Olga #2: We’re Out of Here! By Elise Gravel. Harper. $12.99.

     Gorgeous photographs that highlight the many beauties and wonders of our planet are the central reason for being of April Pulley Sayre’s Thank You, Earth, a simply written book intended to remind readers how many everyday things in the world are extraordinarily beautiful if we only take the time to look at and appreciate them. When described, the pictures do not seem particularly unusual: a spider’s web, a sandpiper on the beach, some clouds, a bit of seaweed, mountains, trees, and creatures ranging from a ladybug to a sloth to birds and squirrels and turtles. But Sayre’s careful selection of photos, her thoughtful sequencing of them, and the delicacy with which she decorates the pictures with just a few apt words, make Thank You, Earth very special. “Thank you for sounds” goes with a close-up view of a yellow warbler with beak open. “For struggles” has a squirrel straining upward on a branch of pussywillows in search of some treat or other. “Thank you for rays and radials” juxtaposes an extreme close-up of a purple coneflower on which a bee is perched with an almost equally close view of dandelion fluff. “Thank you for those that crawl” includes a strange-looking red mangrove root crab and a gorgeously colored black swallowtail caterpillar. And while many photos here are super-close looks at things, others are very broad views: “Thank you for sunsets” covers two pages and shows spectacular sky colors in Arizona’s Phoenix Sonoran Preserve. The concluding sentiment, “Thank you for being our home,” simply and beautiful sums up all that has gone before, all the plants and animals and day scenes and night scenes and all the aspects of nature that make Earth and the lives on it so special.
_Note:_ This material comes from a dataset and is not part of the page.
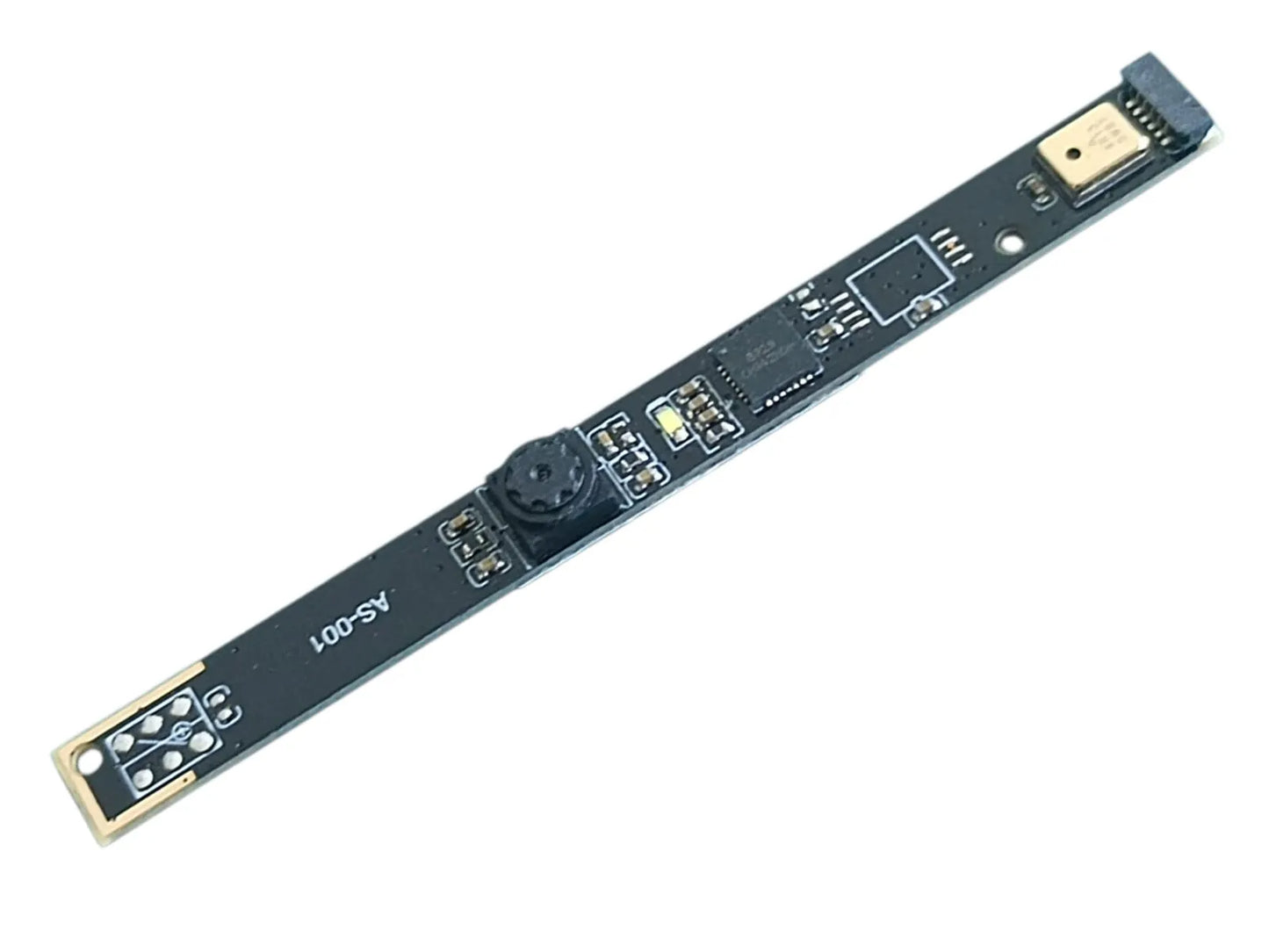 LappyPower Laptop Webcam Camera for Acer Aspire A515-54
Interestingly, Sayre completely omits human beings and human creations from this “love letter,” implying in so doing that the beauties of Earth are strictly those that do not include or involve people – an omission that can open the door to discussions with young readers about the world they live in and how it intersects with and may often displace the loveliness of the world shown by the photos Sayre has selected from multiple sources and the words she has chosen to go with the pictures.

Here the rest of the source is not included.